So I'm following the <pipeline specific guide> to ...
# plugins-general
m
So I'm following the pipeline specific guide to try and override a specific environment variable for this pipeline, but it doesn't seem to be passing value to the pipeline. Here's what I've got so far:
Copy code
# meltano.yml
...
  loaders:
  - name: target-bigquery
    namespace: bigquery
    pip_url: git+<https://github.com/Mashey/target-bigquery.git>
    executable: target-bigquery
    settings:
    - name: project_id
      value: vibrant-bonus-233400
    - name: dataset_id
    - name: validate_records
      value: false
    - name: stream_data
      value: true
    - name: disable_collection
      value: true
    - name: add_metadata_columns
      value: false
    - name: location
      value: US
schedules:
- name: shipstation-to-bigquery
  extractor: tap-shipstation
  loader: target-bigquery
  transform: skip
  interval: '@daily'
  start_date: 2020-10-07 16:24:54.035456
  env:
    TARGET_BIGQUERY_DATASET_ID: raw_shipstation
and when I run
meltano elt tap-shipstation target-bigquery --job_id shipstation-to-bigquery --dump=loader-config
I get the following output:
Copy code
{
  "project_id": "vibrant-bonus-233400",
  "dataset_id": null,
  "validate_records": false,
  "stream_data": true,
  "disable_collection": true,
  "add_metadata_columns": false,
  "location": "US"
}
If I add
TARGET_BIGQUERY_DATASET_ID
to the
.env
file, it will take that value, but
env:
doesn't seem to be overriding it for this specific pipeline.
t
what does
meltano config target-bigquery list
show?
m
Copy code
project_id [env: TARGET_BIGQUERY_PROJECT_ID, BIGQUERY_PROJECT_ID] current value: 'vibrant-bonus-233400' (from default)
dataset_id [env: TARGET_BIGQUERY_DATASET_ID, BIGQUERY_DATASET_ID] current value: '' (from `.env`)
validate_records [env: TARGET_BIGQUERY_VALIDATE_RECORDS, BIGQUERY_VALIDATE_RECORDS] current value: False (from default)
stream_data [env: TARGET_BIGQUERY_STREAM_DATA, BIGQUERY_STREAM_DATA] current value: True (from default)

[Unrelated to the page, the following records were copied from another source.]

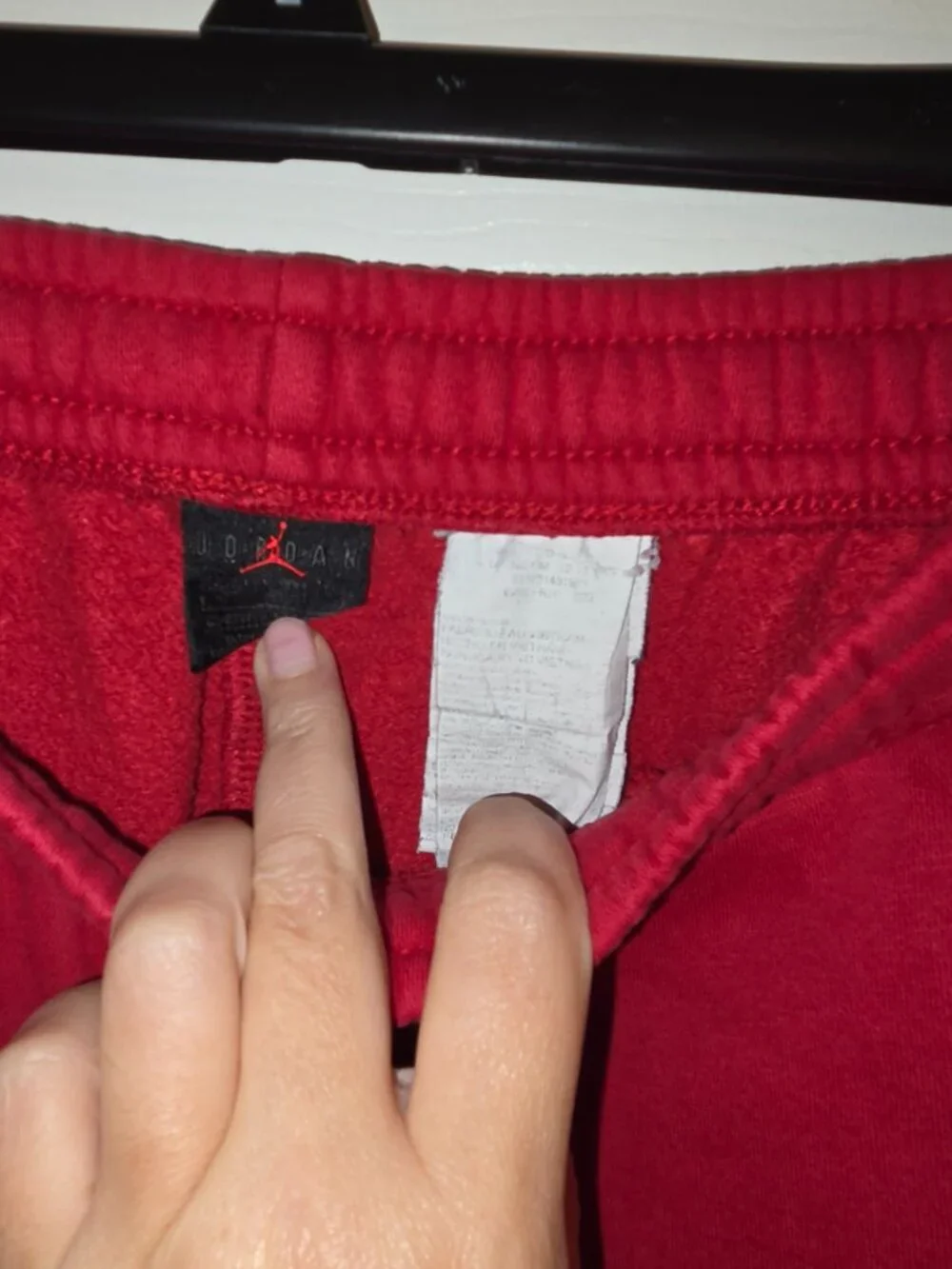 Nike Air Red Sweats, Size Youth Large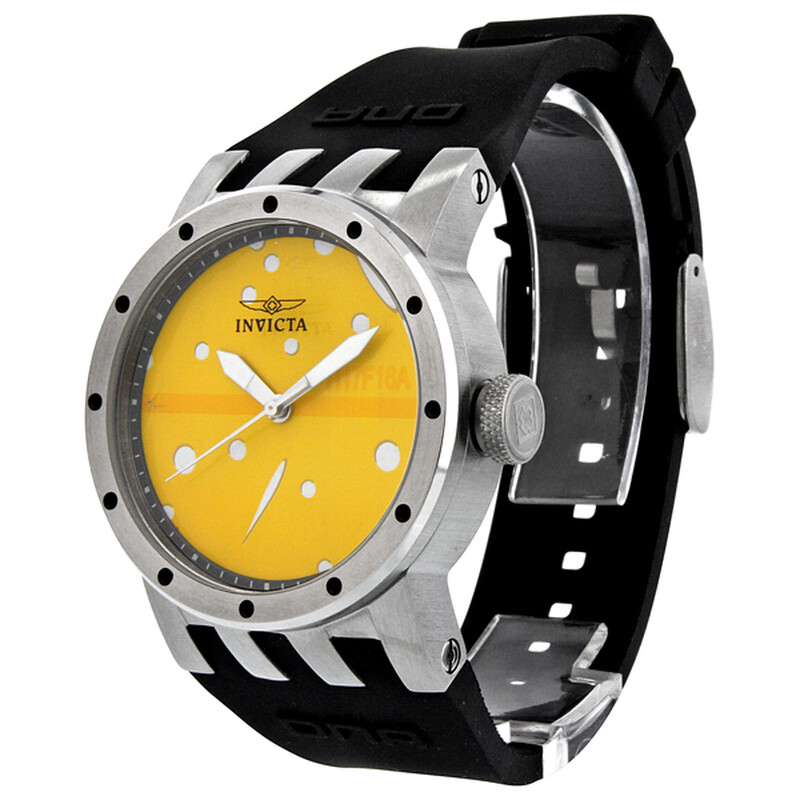 Invicta DNA Recycled Art Yellow Dial Ladies Watch 10444 886678104444 ...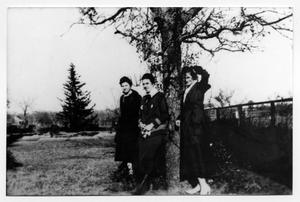 [Estella Kettner and Friends Standing by a Tree]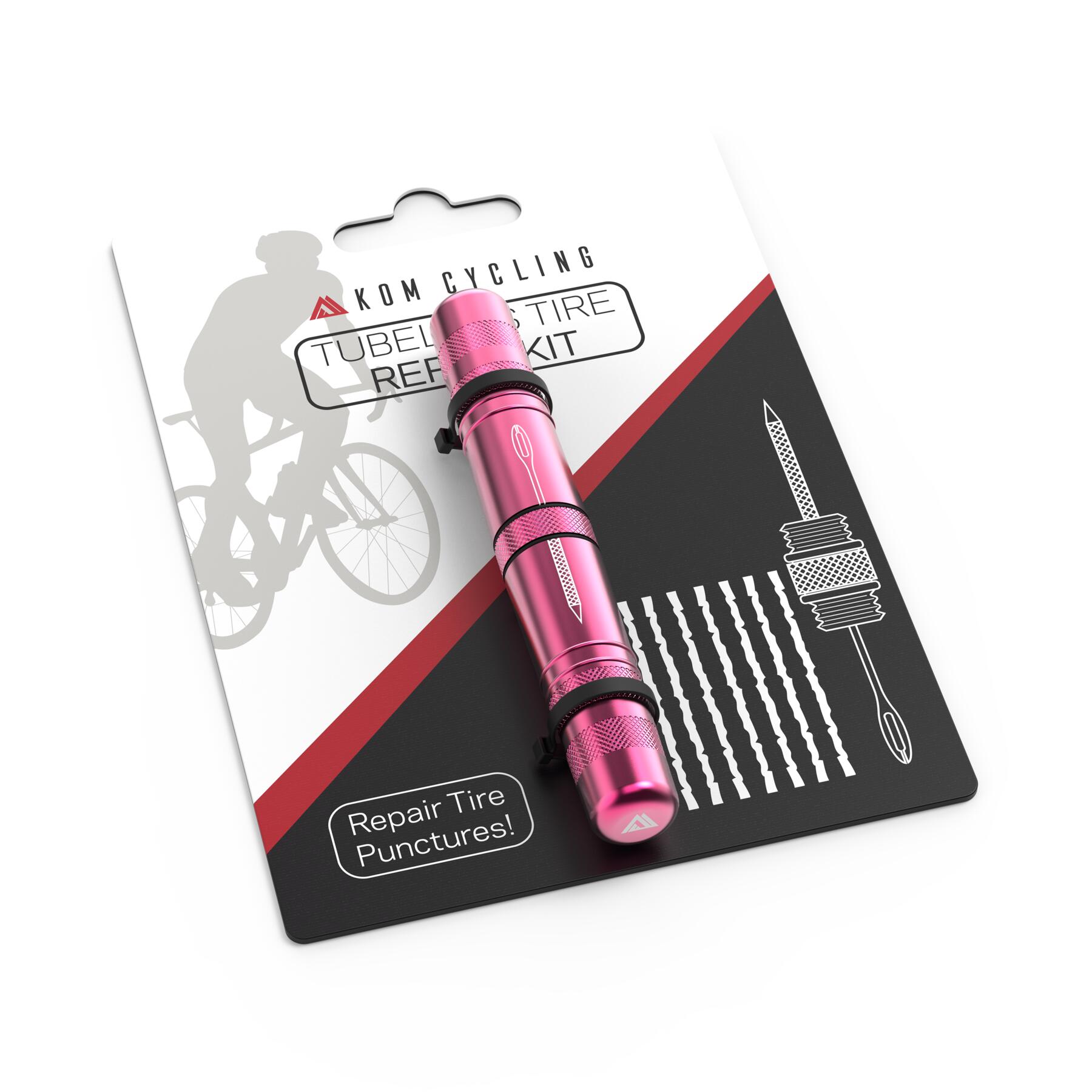 Narzędzie do naprawy opon bezdętkowych (tubeless) - Kom Cycling - TRT Różowy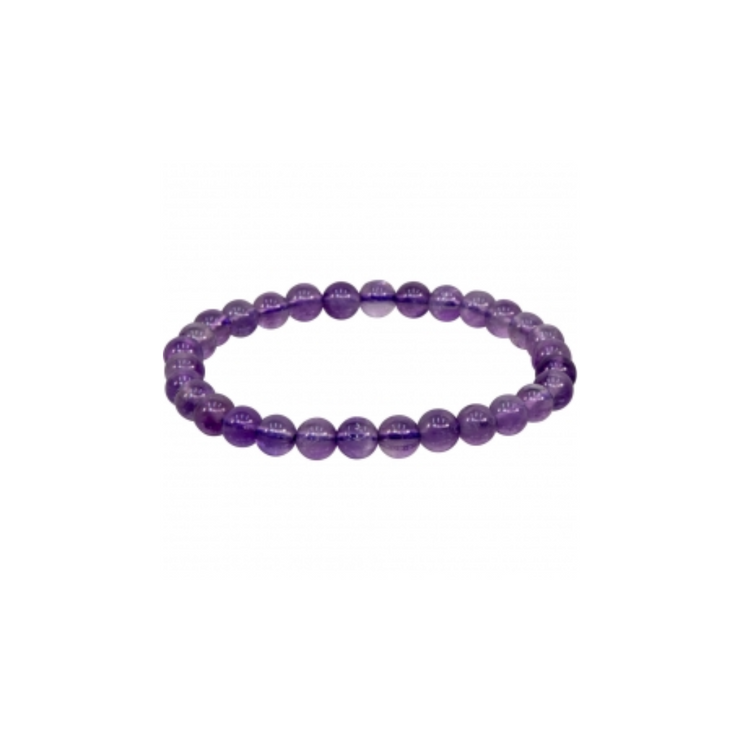 Bracelet - Amethyst round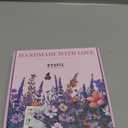 ETSPIL Embroidery Kit for Beginners, 4 Floral Patterns, Learn 33 Stitches, Pre-Printed Fabric, 7.8-Inch Hoop, Colored Threads and Needles, Easy Video Guide, DIY Hand Sewing Gift for Adults and Teens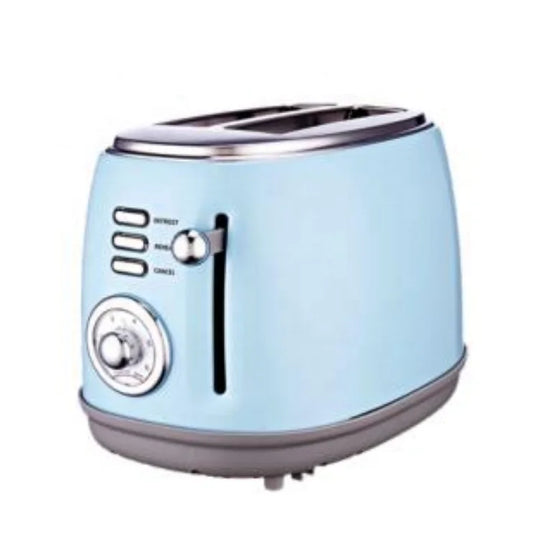 KTX-815443 2-Slice Electric Toaster with Removable Crumb Tray for Household and Commercial Use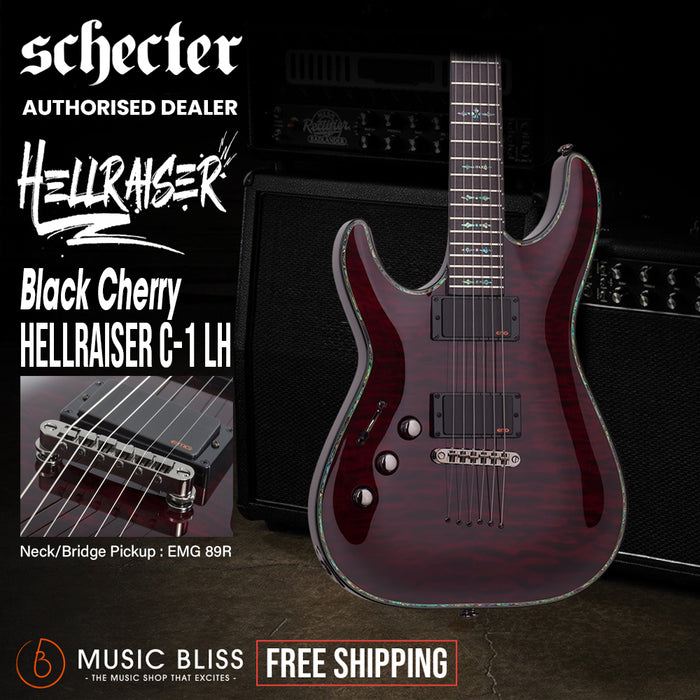 Schecter Hellraiser C-1 Left-Handed Electric Guitar - Black Cherry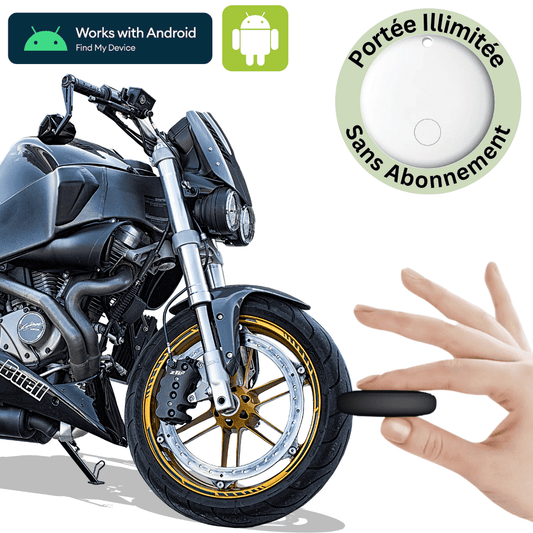 Comfexia™ – Traceur GPS Moto Sans Abonnement & Sans Carte SIM, Compatible Android & iOS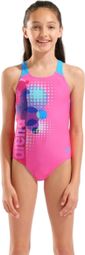 Maillot de Bain Arena Dots Rose/Multicolore Fille
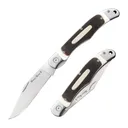 COLD STEEL Ranch Boss II 4in Clip Point Blade Brown Faux Sawed Bone Handle Folding Knife (CS-20NPM1) - Cold Steel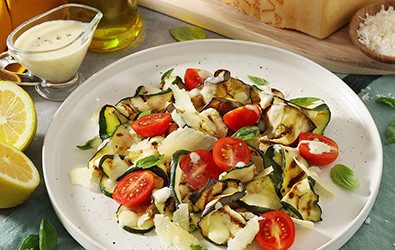Verdure grigliate e salsa di Grana Padano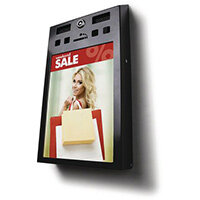 Wall Mount Advertising Cigarette Bin Outdoor Advert Ashtray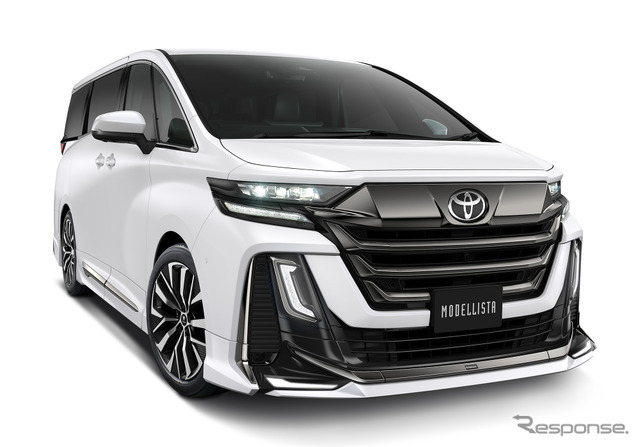 モデリスタの新アイテムを装着したトヨタ ヴェルファイア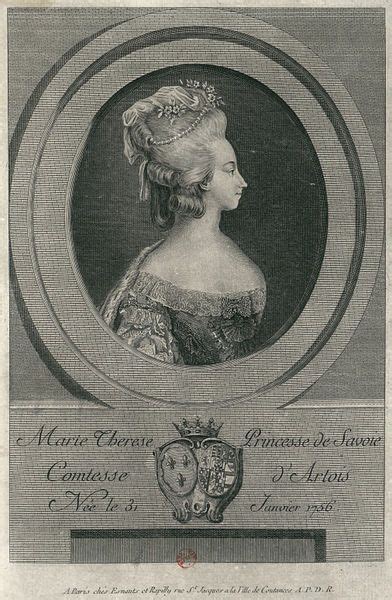 Princess Maria Theresa Of Savoy Pouse De Charles X De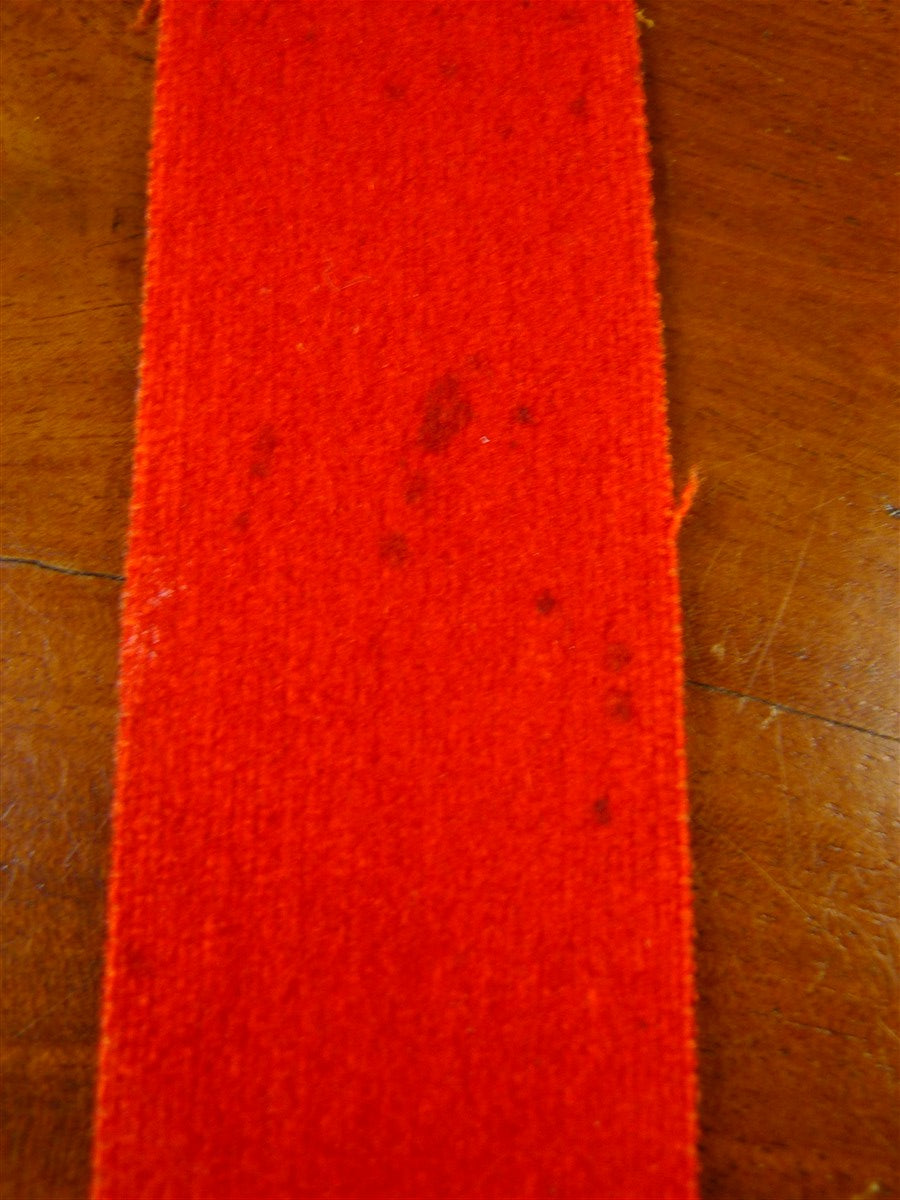 25/0342 vintage albert thurston london red boxcloth braces w/ white leather ends multifit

disable_collection [env: TARGET_BIGQUERY_DISABLE_COLLECTION, BIGQUERY_DISABLE_COLLECTION] current value: True (from default)
add_metadata_columns [env: TARGET_BIGQUERY_ADD_METADATA_COLUMNS, BIGQUERY_ADD_METADATA_COLUMNS] current value: False (from default)
location [env: TARGET_BIGQUERY_LOCATION, BIGQUERY_LOCATION] current value: 'US' (from default)
d
@michael_cooper When you run
meltano elt tap-shipstation target-bigquery --job_id shipstation-to-bigquery
, the schedule definition is not actually used in any way, so neither is its
env
. The orchestrator itself is responsible for iterating over the schedules and populating the
env
before invoking the command: https://gitlab.com/meltano/files-airflow/-/blob/master/bundle/orchestrate/dags/meltano.py#L69
This would allow you to run
meltano schedule run shipstation-to-bigquery
and get the behavior you're looking for, but it's not implement yet: https://gitlab.com/meltano/meltano/-/issues/2227
I get that that may be confusing, but it's important to realize that
schedules
are exclusively used by orchestrator-specific DAG generators like https://gitlab.com/meltano/files-airflow/-/blob/master/bundle/orchestrate/dags/meltano.py
m
Is there a way to test whether it works then? I can't test it out within the UI either.
d
meltano invoke airflow run ...
should work: https://airflow.apache.org/docs/stable/cli-ref#run
Or you can verify that it works by simulating what Airflow would actually invoke using
TARGET_BIGQUERY_DATASET_ID=raw_shipstation meltano elt tap-shipstation target-bigquery --job_id shipstation-to-bigquery --dump=loader-config
I can't test it out within the UI either.
Good point, the
env
is not currently taken into account when you use the "Run" button in the UI! I've filed a bug report: https://gitlab.com/meltano/meltano/-/issues/2379
m
Great, that all worked. Thank you (again!)
d
Happy to help! Thanks for the feedback, it's good to know that this wasn't clear, and I may want to look into https://gitlab.com/meltano/meltano/-/issues/2227 sooner rather than later. I'll also gladly take a contribution if you're so inclined 😉